Neutralize — make the dangerous bytes visible without changing structure. Control bytes become \xNN, bidi/zero-width codepoints become u{NNNN}, tab becomes \t. Newlines are preserved (multi-line commands are normal). This is *faithful, not beautifying*: it never collapses runs of whitespace or rewrites a tab to a space, because the user must see exactly what they are approving — a Makefile’s leading tab stays visibly a tab. A web chrome composes html_escape(sanitize(s).text); the HTML layer is the caller’s, not ours.
Warn — return a Warning per category detected, each a semantic record (kind + offending tokens + a plain-English explanation). Presentation is the chrome’s: a terminal renders these bold yellow, a web client a banner. The Warning carries no color or markup.

Scope (deliberately closed)

Detection covers the *invisibility / cursor-control / reordering* attack classes completely, because each is a finite, enumerable set of codepoints: C0 controls, C1 controls (a second ANSI introducer on some emulators), DEL, the bidi overrides, and the zero-width characters. On top of that, Sanitizer.sanitize flags *mixed-script tokens* —a single word combining letters from Latin + Cyrillic + Greek, which is the signature of a homoglyph spoof and has near-zero false positives on real text (humans do not weld two alphabets inside one word; café is all-Latin, Москва all-Cyrillic, only Pаypal mixes).

Two confusable classes are explicitly *out of scope*, because detecting them needs Unicode confusables tables and produces heavy false positives on legitimate multilingual text:

Whole-script homoglyphs — an entirely-Cyrillic string that merely looks Latin (no mixing to detect).
Single-symbol confusables — the Greek question mark ; (U+037E) that looks like a semicolon, full-width forms, the division slash.

“Solid” here means complete on the classes above, not exhaustive over all of Unicode.

Defined Under Namespace

Classes: Result, Warning

Constant Summary collapse

BIDI_OVERRIDES = Bidirectional-override codepoints: the explicit LRO/RLO/PDF/LRE/RLE set plus the isolate set (LRI/RLI/FSI/PDI). Reordering attacks.

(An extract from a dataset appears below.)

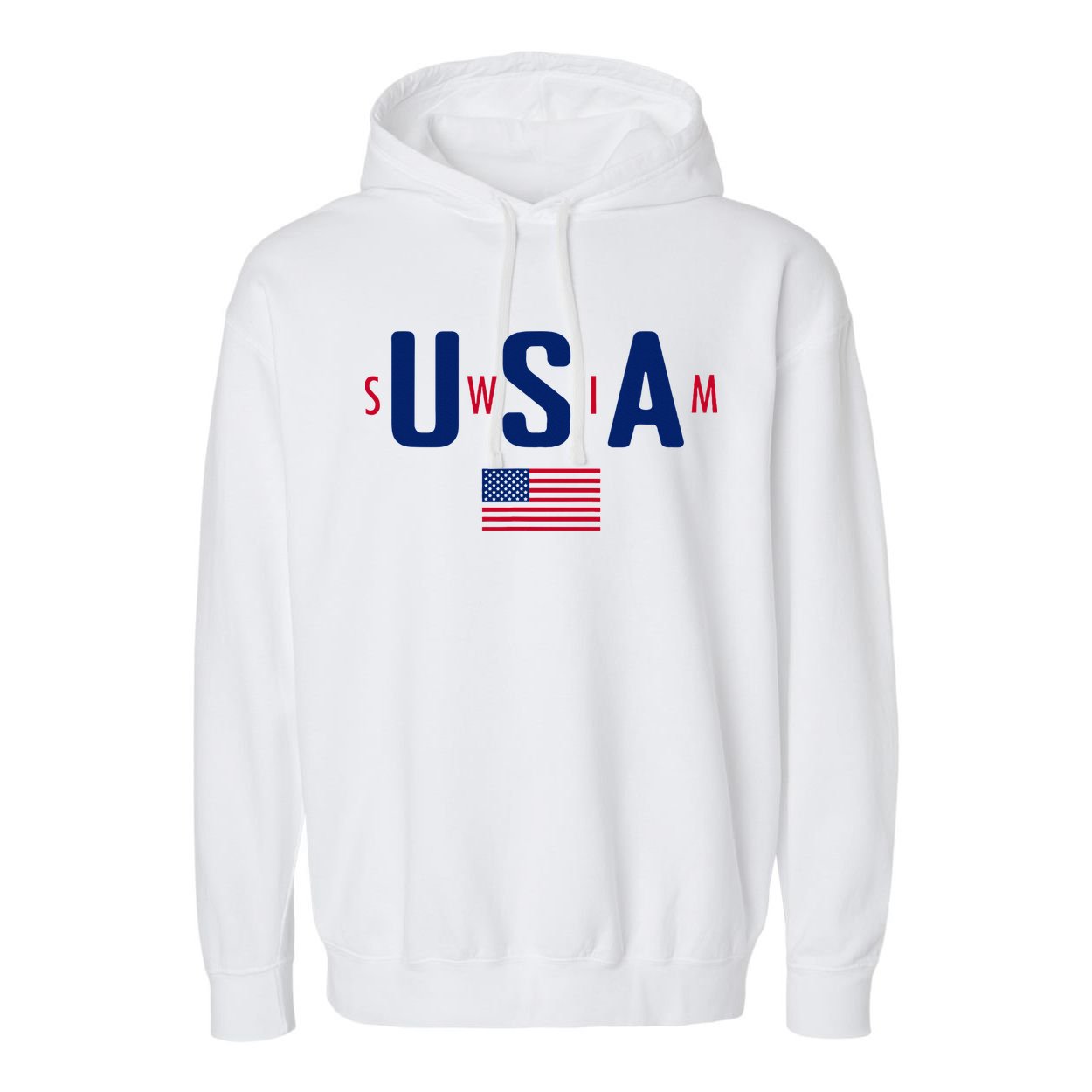 Usa Swim  Usa Summer Swimming 2024 Games Garment-Dyed Fleece Hoodie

[*0x202a..0x202e, *0x2066..0x2069].freeze

ZERO_WIDTH = Zero-width and invisible codepoints: ZWSP, ZWNJ, ZWJ, and the BOM / zero-width no-break space.

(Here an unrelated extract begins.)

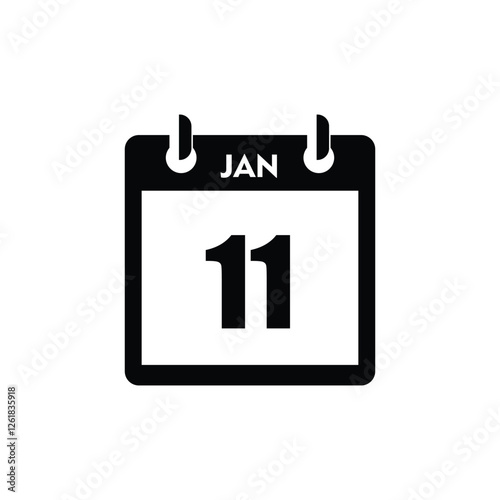 calender icon, 11 january icon with white background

[0x200b, 0x200c, 0x200d, 0xfeff].freeze

SUSPECT =

Codepoints sanitize rewrites: C0 controls including tab (U+0009) but excluding newline (U+000A, which passes through untouched), C1 controls + DEL (U+007F–009F), the zero-width set, and the bidi overrides. Newline is the one control character a faithful render must keep, so the C0 range is split around it.

/[\u0000-\u0009\u000b-\u001f\u007f-\u009f\u200b-\u200d\u202a-\u202e\u2066-\u2069\ufeff]/

CONFUSABLE_SCRIPTS = The three Latin-confusable scripts whose mixing inside one token signals a homoglyph spoof. Punctuation, digits and spaces are the Common script and match none of these, so they never count toward the “two distinct scripts” threshold.

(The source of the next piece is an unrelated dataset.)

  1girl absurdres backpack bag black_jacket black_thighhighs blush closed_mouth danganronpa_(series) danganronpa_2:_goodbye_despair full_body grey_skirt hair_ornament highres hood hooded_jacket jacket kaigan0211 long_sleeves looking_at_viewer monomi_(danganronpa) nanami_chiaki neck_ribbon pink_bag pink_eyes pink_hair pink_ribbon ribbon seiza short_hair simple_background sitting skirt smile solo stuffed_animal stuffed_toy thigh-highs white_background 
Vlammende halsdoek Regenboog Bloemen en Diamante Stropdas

{ 'Latin' => /\p{Latin}/, 'Cyrillic' => /\p{Cyrillic}/, 'Greek' => /\p{Greek}/ }.freeze

Class Method Summary collapse

.mixed_script_tokens(text) ⇒ Array<String>

Tokens (whitespace-delimited runs) that combine letters from two or more of CONFUSABLE_SCRIPTS — the homoglyph-spoof signature.
.sanitize(text) ⇒ Result

Neutralize text for literal display and report what was flagged.

Class Method Details

.mixed_script_tokens(text) ⇒ `Array<String>`

Tokens (whitespace-delimited runs) that combine letters from two or more of CONFUSABLE_SCRIPTS — the homoglyph-spoof signature.

Parameters:

text (String)

Returns:

(Array<String>) —

distinct offending tokens, first-seen order

# File 'lib/pikuri/sanitizer.rb', line 137

def self.mixed_script_tokens(text)
  text.split(/\s+/).reject(&:empty?).select do |token|
    CONFUSABLE_SCRIPTS.count { |_name, re| token.match?(re) } >= 2
  end.uniq
end

.sanitize(text) ⇒ `Result`

Neutralize text for literal display and report what was flagged.